Выбрать главу

И все же охладел государь к Бенкендорфу после гибели Пушкина. Меньше стало доверия. Двор это сразу почувствовал, особенно недруги, коих было немало у графа на самом верху власти. Трудно, неуютно стало Бенкендорфу. Но тем не менее обязанности государственные и новые поручения выполнял добросовестно. В 1840 году был назначен заседать в комитеты о дворовых людях и по преобразованию еврейского быта. Все знали, что Бенкендорф доброжелателен к евреям, и царь считал, что генерал будет полезен здесь. Добросовестно работал Бенкендорф, но вдохновения не было, ушло, растаяло. Надломилась душа после пушкинского января 1837 года.
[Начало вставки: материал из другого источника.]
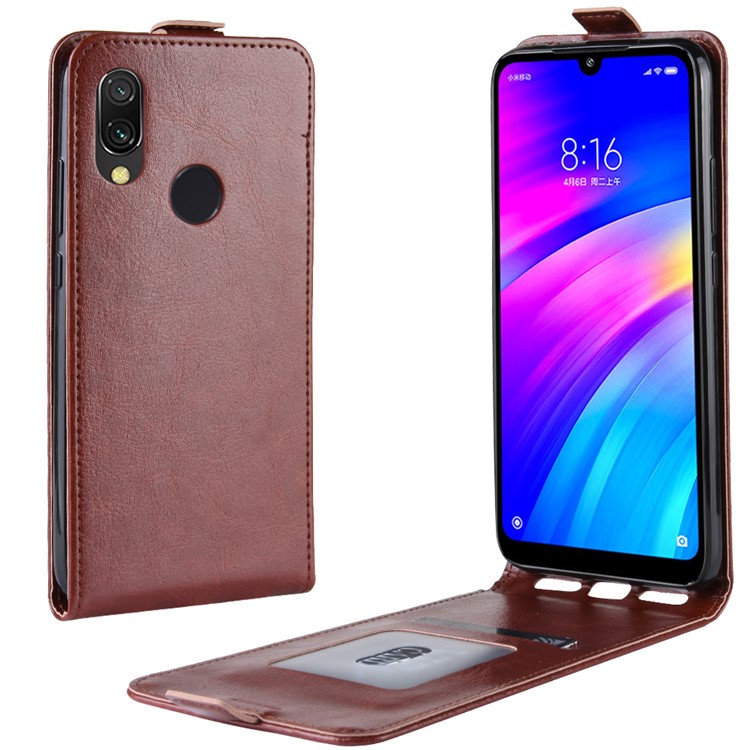 Crazy Horse Vertical Leather Case with Card Slot for Xiaomi Redmi 7 / Redmi Y3 - Brown-1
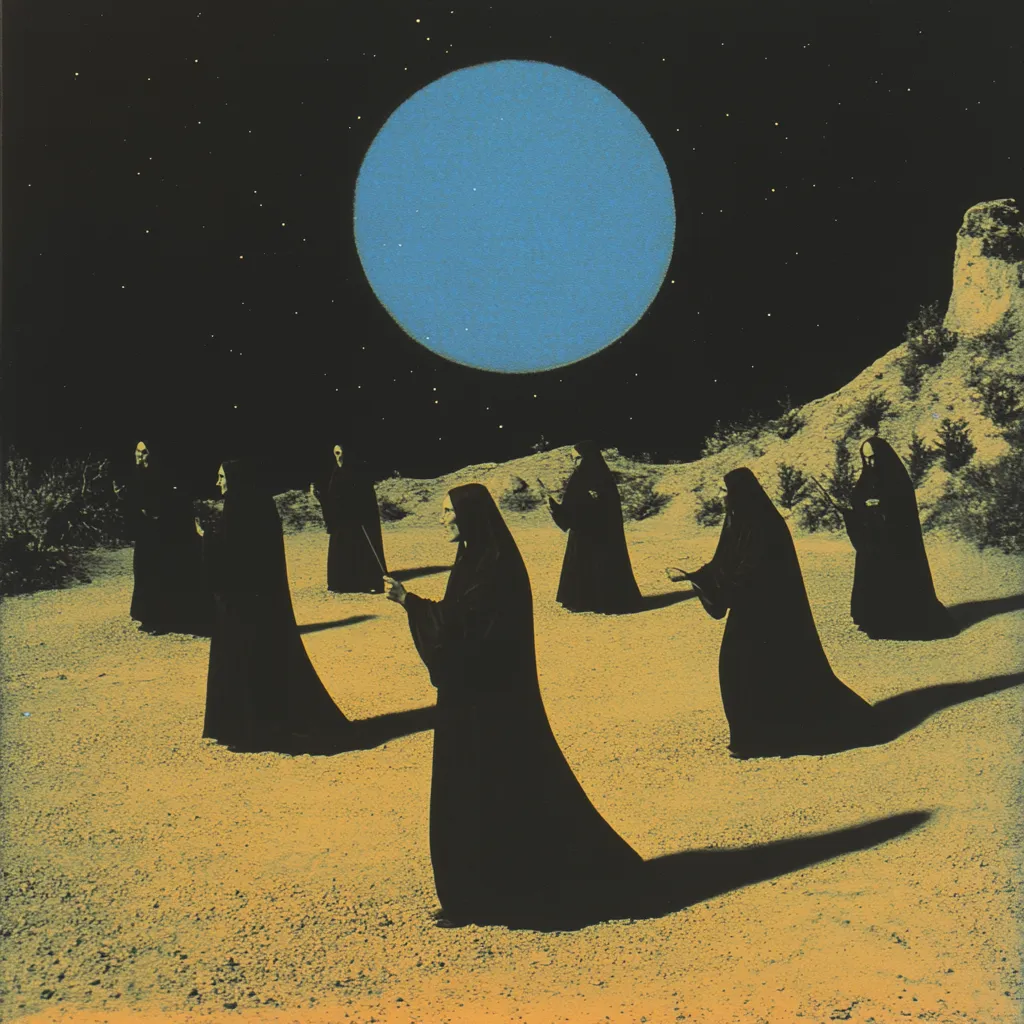 Grupo de figuras con túnicas y capuchas negras caminando en fila sobre dunas de arena anaranjada, bajo un gran círculo azul pálido en un cielo oscuro y estrellado, con una roca a la derecha.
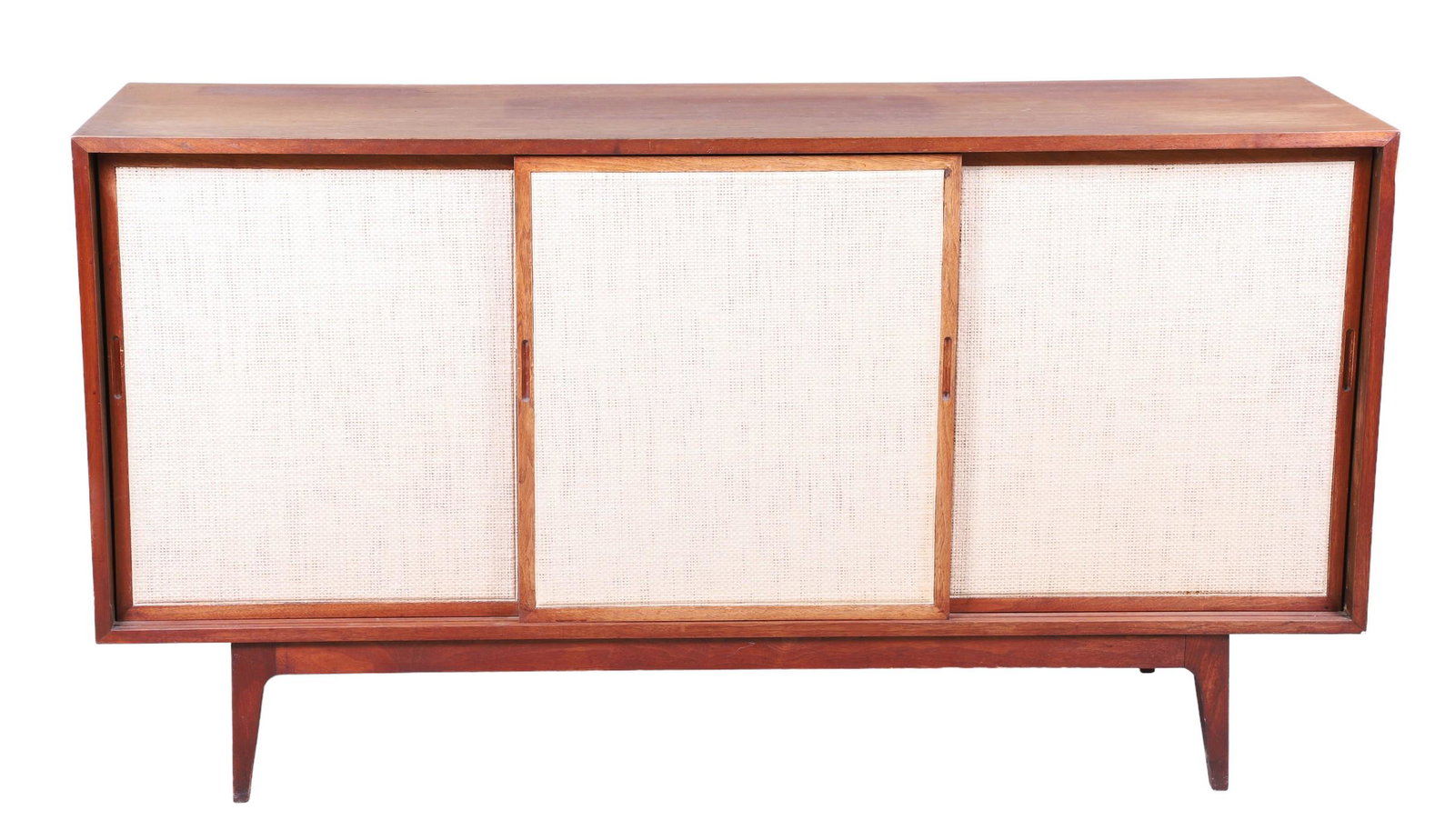Danish Modern teak and woven sideboard: Danish Modern teak and woven sideboard, 4 sliding woven doors, interior shelving, 32"h x 60"w x 16"d, sun fading to the top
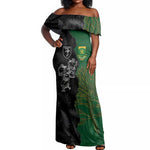Custom Aotearoa South Africa Rugby Freedom Cup Off Shoulder Maxi Dress Kiwi Warriors Haka with King Protea Symbol - African Pride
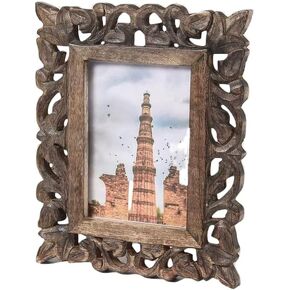 Hand Carved Mango Wood Rustic 4x6 Picture Frame with Real Glass - Aesthetic Vintage Wood Frame for Tabletop Use - Rustic Home Decor Perfect for Your Memories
Однажды сверкнула простая мысль: для чего? Для чего эта долгая борьба с оппозицией? Если бы была великая цель, как у Петра, превратить Россию в великое государство, что на равных с Европой, — можно и побороться с противниками царя. А при близком друге Николае вся борьба во имя укрепления личной власти. Не великая цель. Но сколько сделано во имя ее Третьим отделением! В 1844 году Бенкендорф отправился в Европу на воды, поправить здоровье. Взял пособие в полмиллиона серебряных рублей, из которых большая часть ушла на долги. Расстроился. А здоровье действительно дало трещину. Почти двадцать лет бессменной службы, да еще какой! И шеф жандармов, и глава Третьего отделения, и начальник охраны императора. Достойные люди противостояли Бенкендорфу: Герцен, Белинский, Чаадаев, Лермонтов, Пушкин какие величины! Но и сам личность не уездного масштаба. Однако устал, все на нервах, особенно последние годы.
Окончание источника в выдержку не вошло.